Karnataka Chief Minister Basavaraj Bommai presented the state budget for 2022-23 on March 4. Due to the economic impact of the Covid-19 pandemic, Karnataka recorded a revenue deficit in 2020-21 and the current financial year. This is expected to continue in 2022-23 as well.
For the next financial year, Karnataka expects to observe a revenue deficit of 0.78% of the gross state domestic product.
The Fiscal Management Review Committee (set up under the 2002 Karnataka Fiscal Responsibility Act) has suggested that a roadmap should be started to get Karnataka back to a state of revenue surplus. The Committee also recommended the government rationalize its expenditure.
However, Karnataka’s rising committed expenditure and the discontinuation of the GST compensation grants could pose a challenge for the state’s finances in the next financial year.
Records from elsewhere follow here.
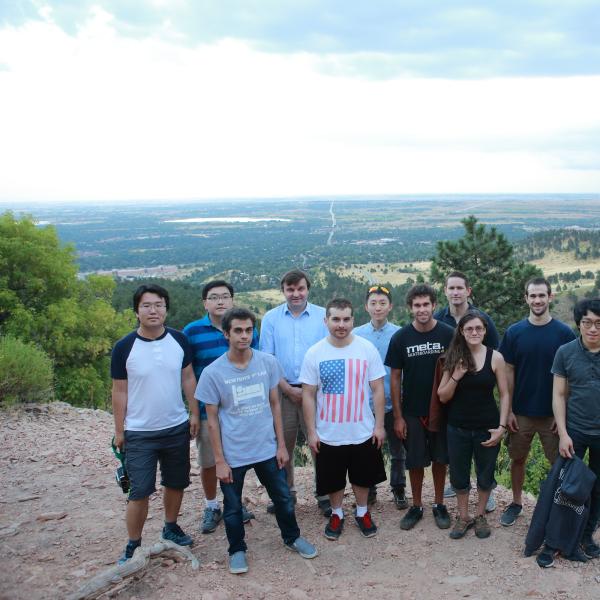 at the top of the mountain during a group hike in fall 2016
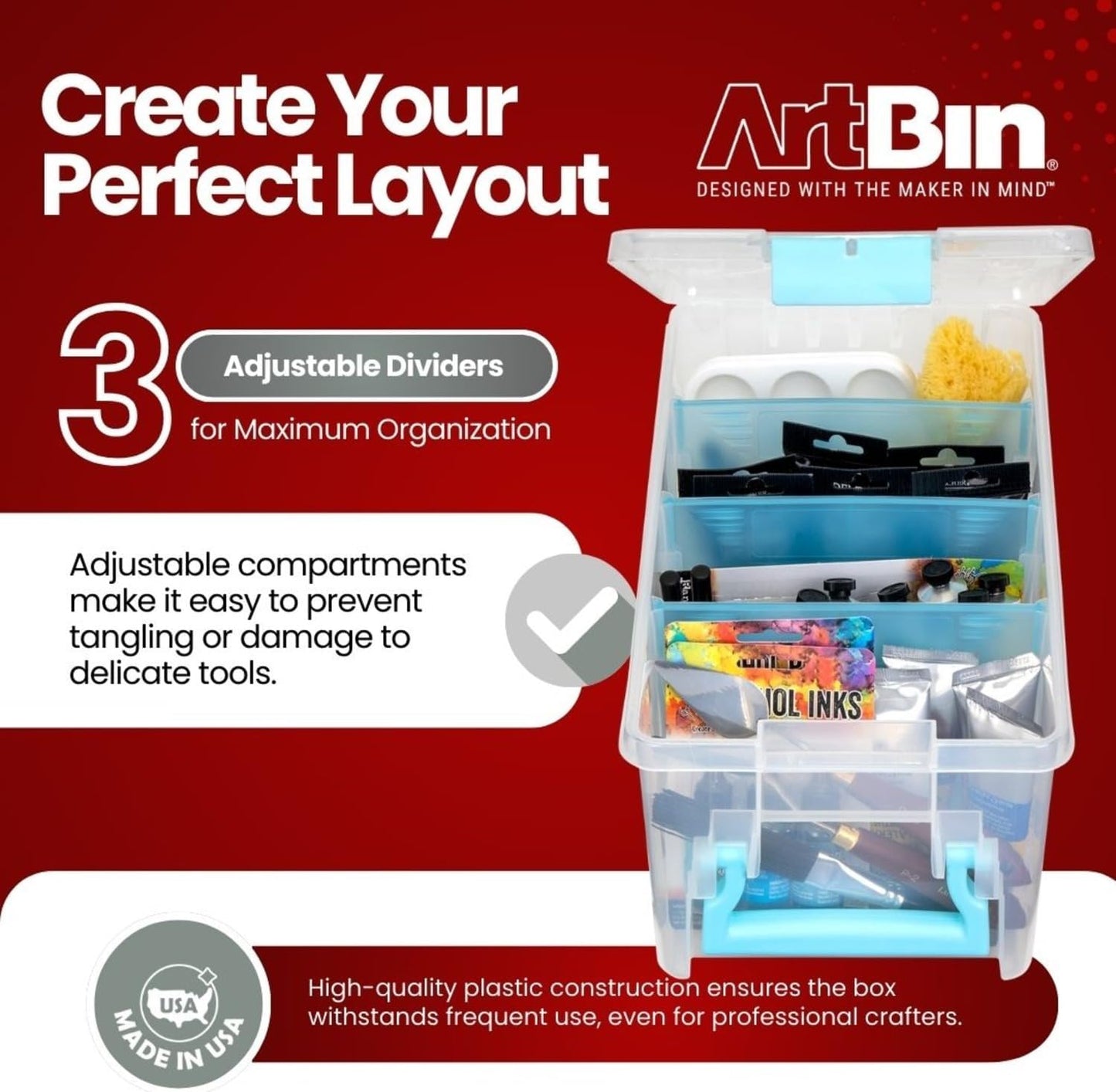 ArtBin Semi Satchel Portable Craft Organizer with 3 Dividers - Clear Plastic Storage Case for Art & Craft Supplies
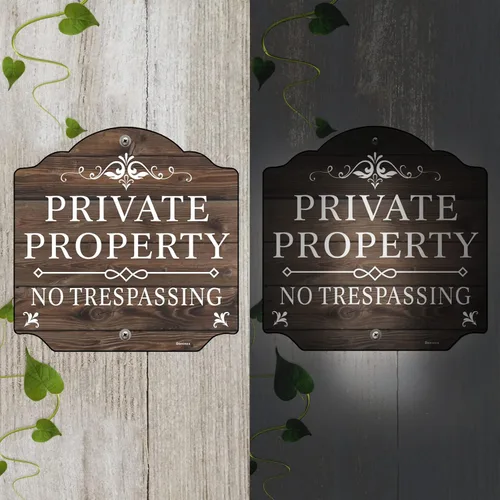 Vista 5 de Cartel grande de propiedad privada No Trespassing (2 unidades), aluminio libre de óxido, reflectante, resistente a la intemperie al aire libre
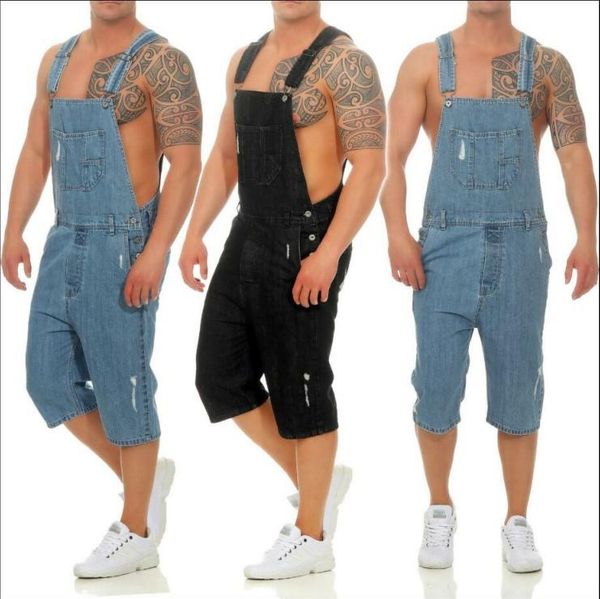 

men's denim jumpsuit summer knee length jeans loose casual trousers plus size 3xl overalls one-piece overalls, Blue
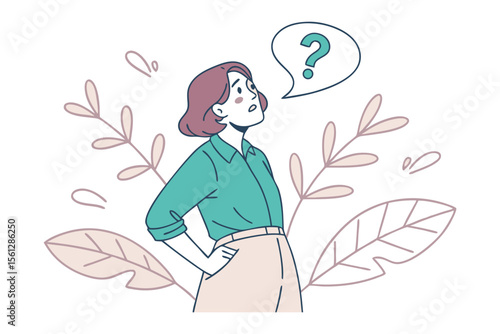 Uncertainty: A person with a questioning expression, the image has a speech bubble with a question mark, conveying a sense of curiosity and pondering surrounded by botanical design.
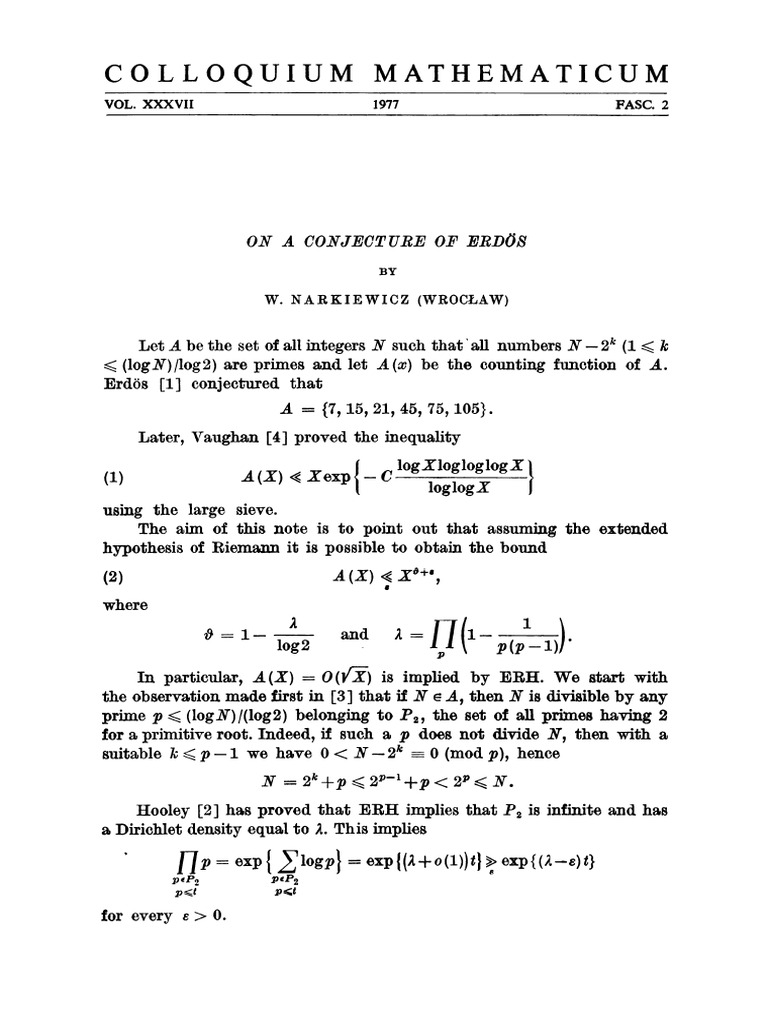 On A Conjecture of Erdös | PDF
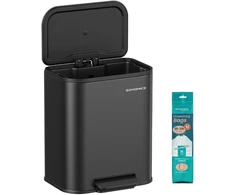 SONGMICS virtuvinė šiukšliadėžė su pedalu, 20 l, plieninė, juoda, stačiakampė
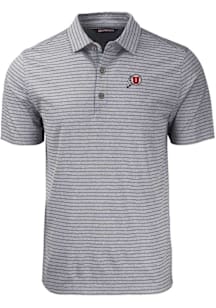 Cutter and Buck Utah Utes Black Forge Heather Stripe Big and Tall Polo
Rising Committed Expenditure
While the revenue receipts for the state are projected to register a negligible increase (0.1%), the committed expenditure is expected to rise by 6%.
Committed expenditure items include salaries, pensions and interest, and are difficult to cut back. Interest payments for the next year are estimated to increase by 8% over the revised estimate of 2021-22 to Rs 29,395 crore. The salaries and pension are estimated to increase by 7% to Rs 41,288 crore and 3% to Rs 24,016 crore, respectively.
GST Compensation Grants
The GST compensation grants given to Karnataka doubled in the three-year period from 20% in 2018-19 to 40% in 2020-21. In the current financial year, Karnataka is estimated to receive Rs 25,267 crore in the form of GST compensation grants, which is about 23% of its own tax revenue.
Beyond June 2022, when the GST compensation grants are discontinued, Karnataka might see a decline in the level of revenue receipts.
The budget speech announced the launch of the Raitha Shakti scheme for farmers to boost agricultural productivity. A budget of Rs 500 crore has been set aside for the scheme in 2022-23, and a diesel subsidy of Rs 250 per acre will be provided to encourage the use of farm machinery.
The government also proposed to roll out 468 Namma Clinics in major cities and all parts of Bengaluru to provide services of detection of non-communicable diseases and referral for higher treatment to specialists. Separately, the honorariums of the ASHA workers and the Anganwadi workers have been increased.